Therefore, the constant ratio reflects the gamma output value for
the minimum density better than values obtained by interpolating
the reference ratios. Similarly, in the range near the maximum
density, the density changes at a fast rate. Therefore, the
constant ratio reflects the gamma output value for the maximum
density better than values obtained by interpolating the reference
ratios. Stable density calibration can be achieved by selectively
setting ratios based on ranges in this way.
[0096] More specifically, as shown in FIG. 6 and FIG. 7A, the
estimated ratio for the first density range (0 to 50) is determined
based on the gamma output value g for the minimum density 0 (0%).

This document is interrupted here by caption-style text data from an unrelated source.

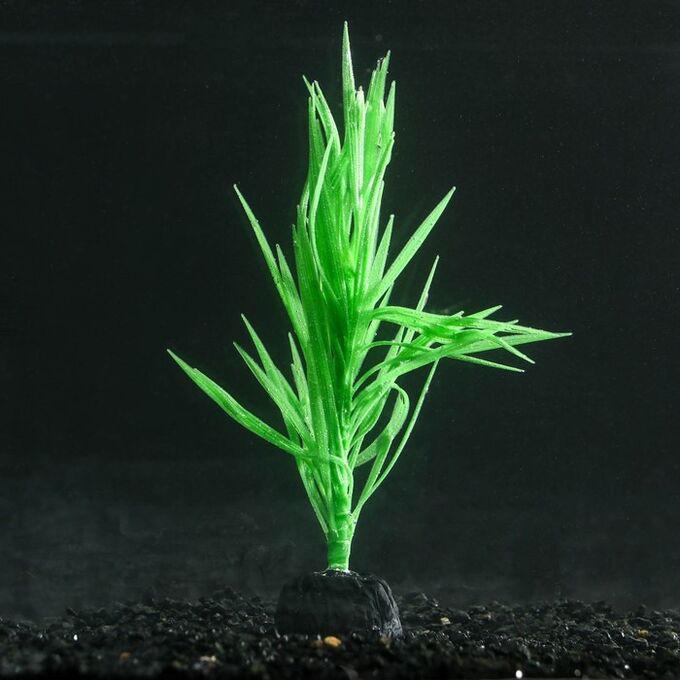СИМА-ЛЕНД Растение силиконовое аквариумное, светящееся в темноте, 7 х 12,5 см, зелёное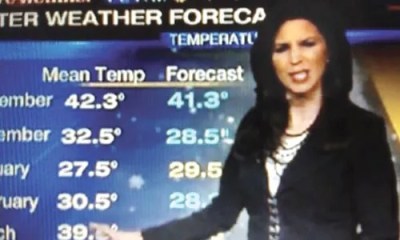 This Just In: November 13 – 20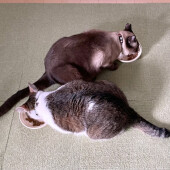 猫とのスキンシップに関するアンケート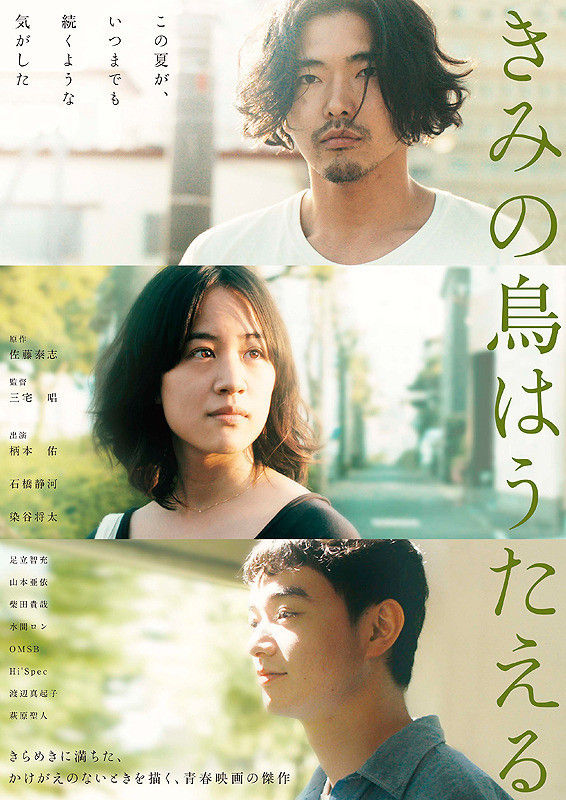 Kiminotori5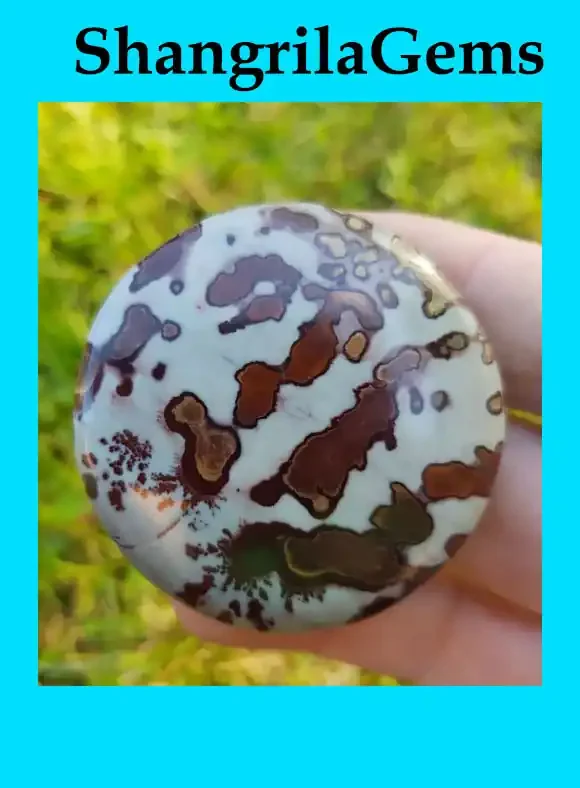 48mm Rhyolite Rainforest Jasper cabochon round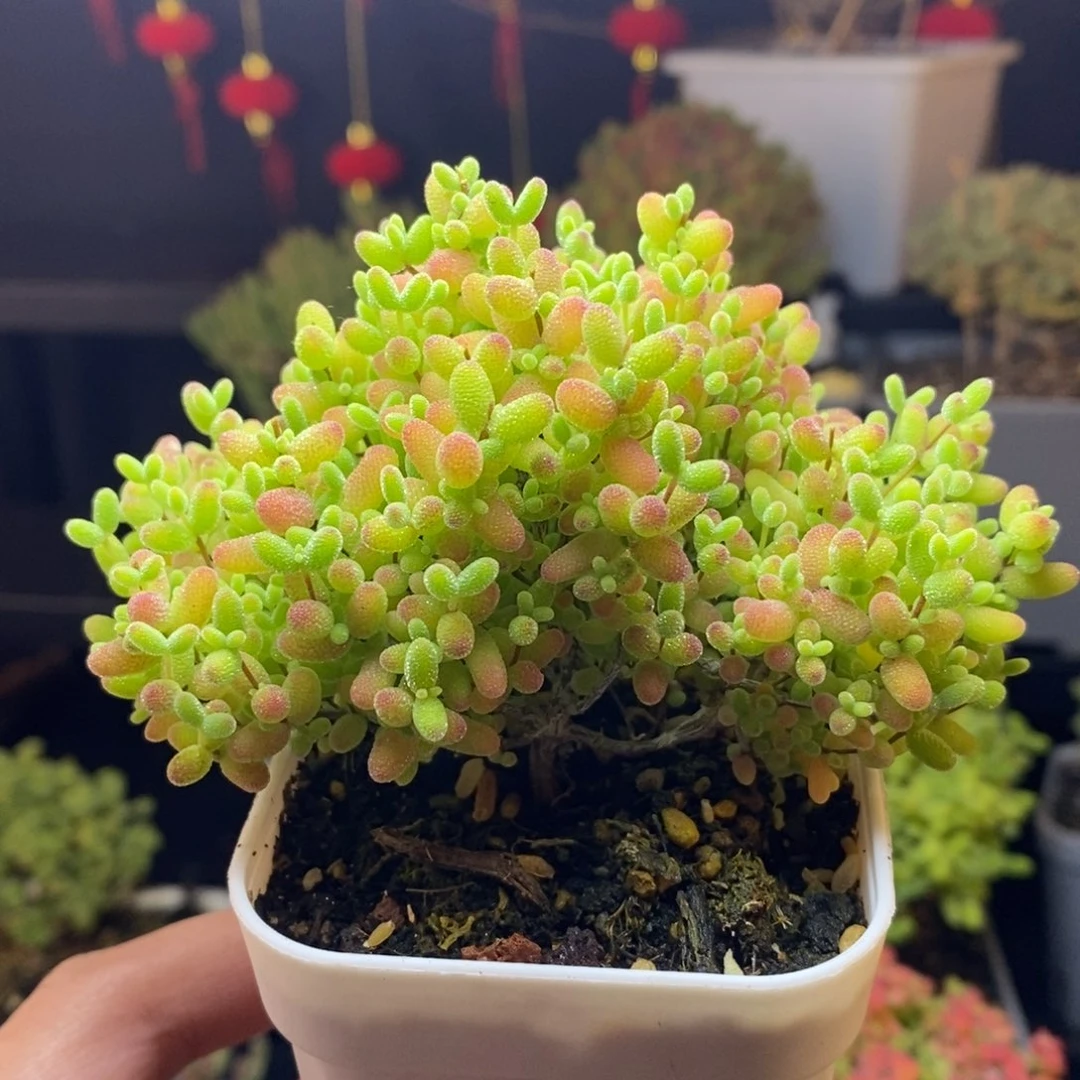 227号蜜橘糖球枝干多肉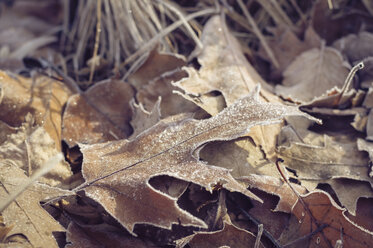 Frozen autumn leaves - MJF000800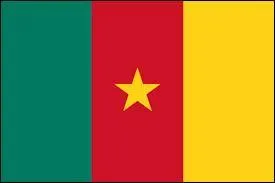 À quel pays correspond ce drapeau ?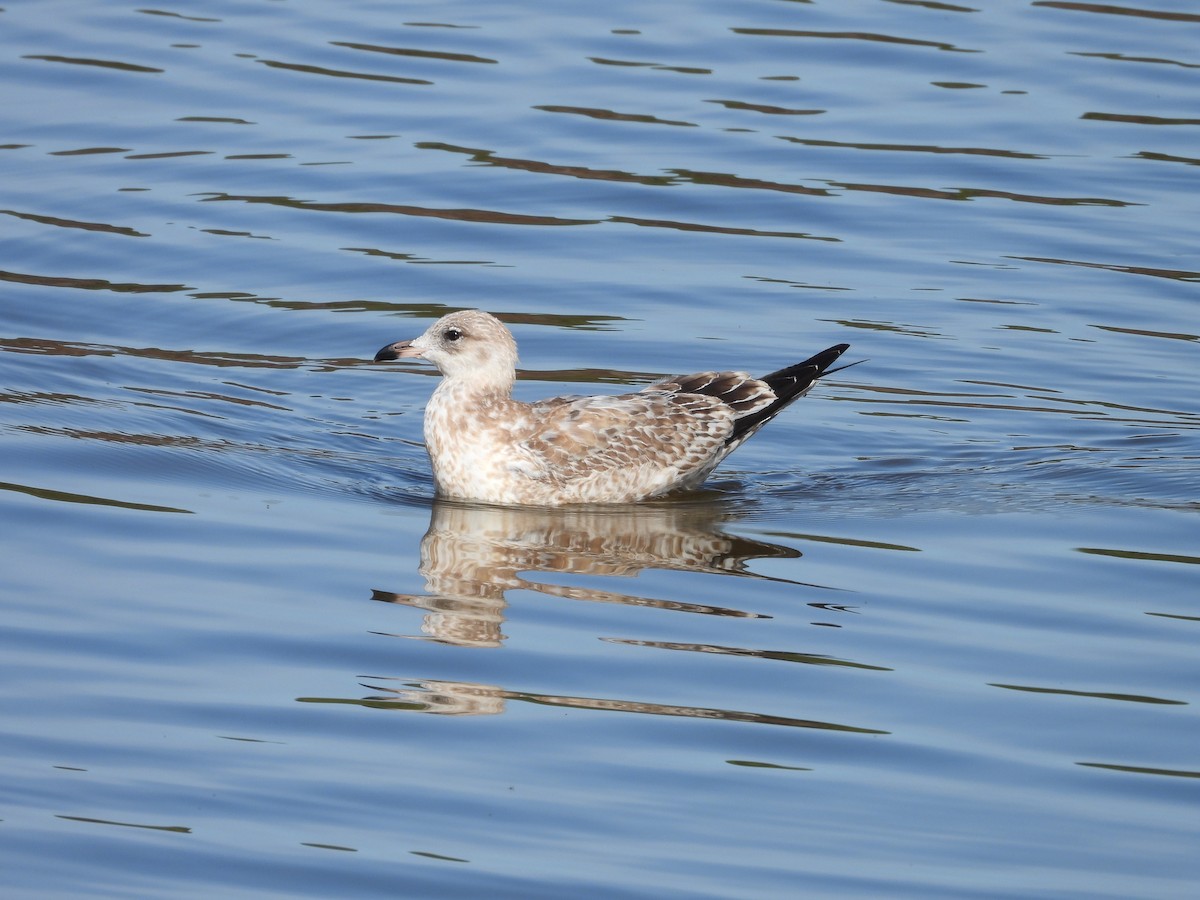 Ring-billed Gull - ML645454621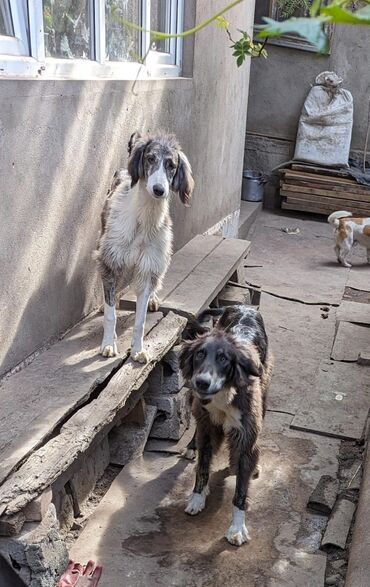 бесплатные животные: Потерялись собаки породы Тайган мальчик и девочка. Потерялись в городе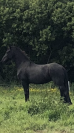 Ruin Fries Te koop 2025 Zwart ,  MAURUS 441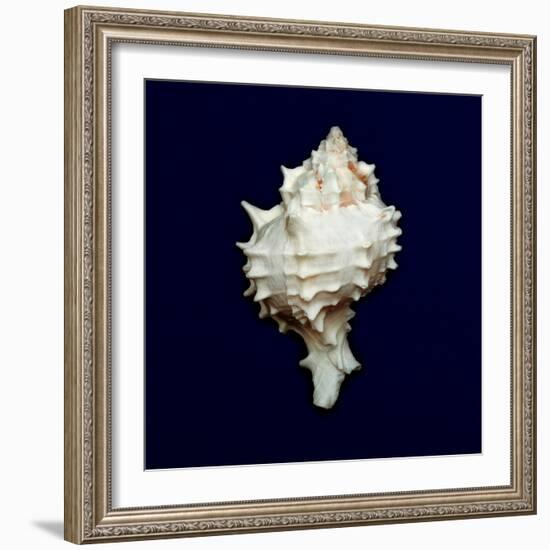 Ocean Blue 6-Julie Greenwood-Framed Art Print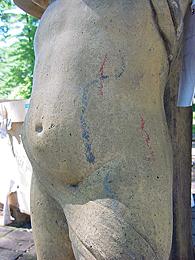 Image 3:  Colored lines on the belly.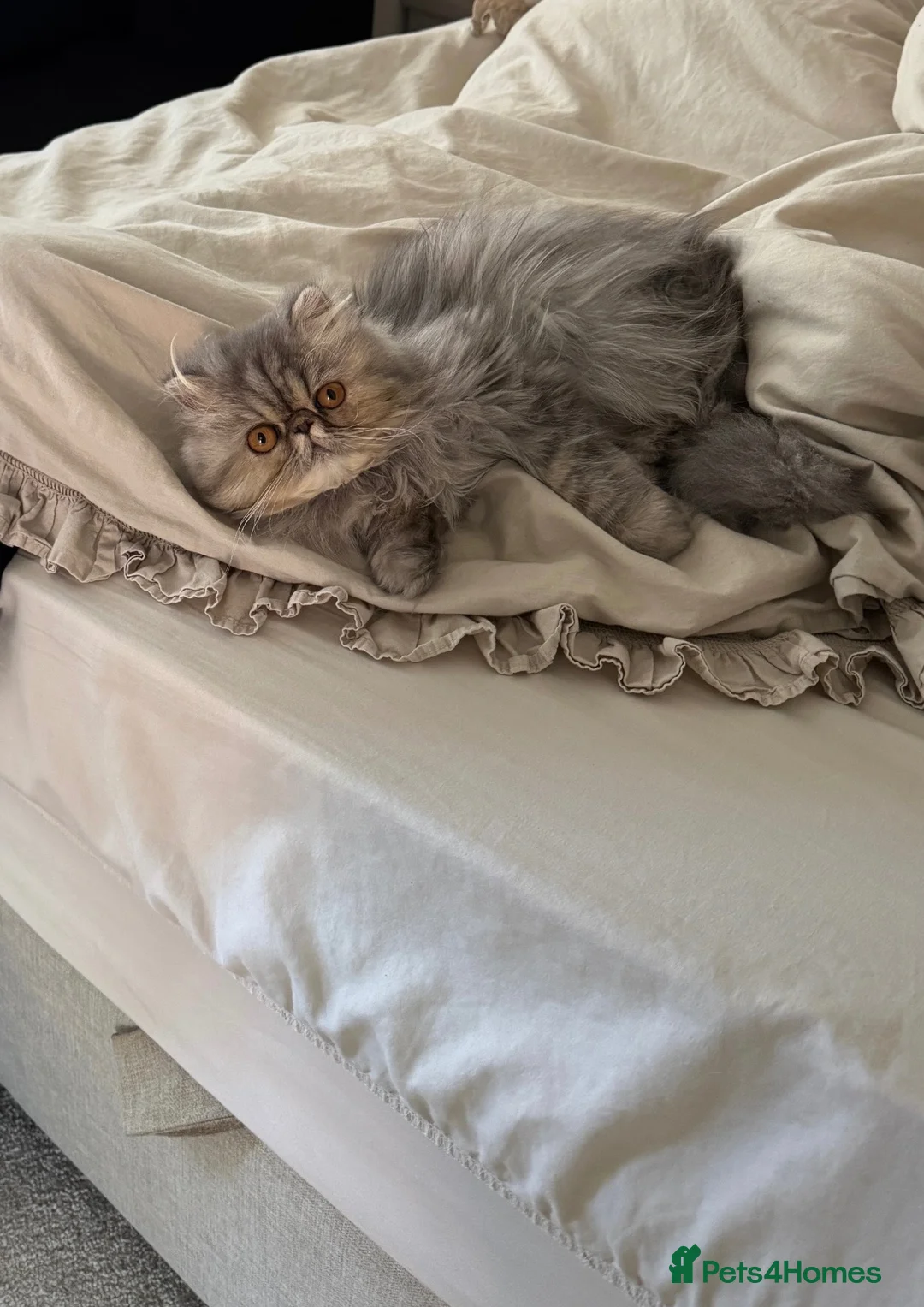 Persian cats for sale: Female Persian silver  - Advert 1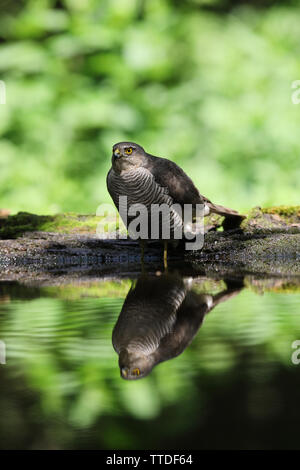 Blanche eurasienne (Accipiter nisus). Photographié à la Hongrie, NP d'Hortobagy Banque D'Images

More specifically, the estimated ratio for the first density range
is set to a fixed ratio obtained by dividing the difference between
the calibration gamma output value c1 and the gamma output value g
for the minimum density 0 (0%) by the difference between the gamma
output value a1 and the gamma output value g, that is,
(c1-g)/(a1-g). In this example, because the gamma output value g
for the minimum density is equal to zero (0), the estimated ratio
for the first density range (0 to 50) is set equal to the reference
ratio c1/a1 for the reference density 20% that is adjacent to this
range.
[0097] The estimated ratio for the second density range (205 to
255) is determined based on the maximum gamma output value f for
the maximum density 255 (100%). More specifically, the estimated
ratio for the second density range is set to a fixed ratio obtained
by dividing the difference between the gamma output value f for the
maximum density 255 (100%) and the calibration gamma output value
c4 by the difference between the gamma output value f and the gamma
output value a4, that is, (f-c4)/(f-a4).
[0098] Thus, a constant estimated ratio is set for the first
density range that includes the minimum density 0 (0%) to reflect
the gamma output value g (0) for the minimum density 0 (0%), and a
constant estimated ratio is set for the second density range that
includes the maximum density 255 (100%) to reflect the gamma output
value f for the maximum density 255 (100%). In other words,
constant estimated ratios are set for the first and second density
ranges, where density changes at a fast rate, based on the gamma
output values corresponding to those ranges. Therefore, it is
possible to reflect the gamma output values in those ranges more
accurately than if the estimated ratios were simply set to constant
ratios.
[0099] Next, the CPU 91 computes and stores a new gamma table in
S150 of FIG. 3. The new gamma table is calculated based on the
reference ratios and estimated ratios (collectively called gamma
ratios) obtained above. Specifically, the new gamma table is
calculated by multiplying these gamma ratios by the gamma output
values set in the original gamma table GT. Hence, for the range of
recording density values 0-50, the gamma output values in the table
GT are multiplied by the constant ratio (c1-g)/(a1-g). For the
range of recording density values 51-204, the gamma output values
in the table GT are multiplied by gamma ratios (the reference ratio
and estimated ratio) for the corresponding recording density
values. For the recording density values 205-255, the gamma output
values in the table GT are multiplied by the constant ratio
(f-c4)/(f-a4). Through this process, it is possible to obtain a new
gamma table illustrated conceptually by the dotted line in FIG. 7B.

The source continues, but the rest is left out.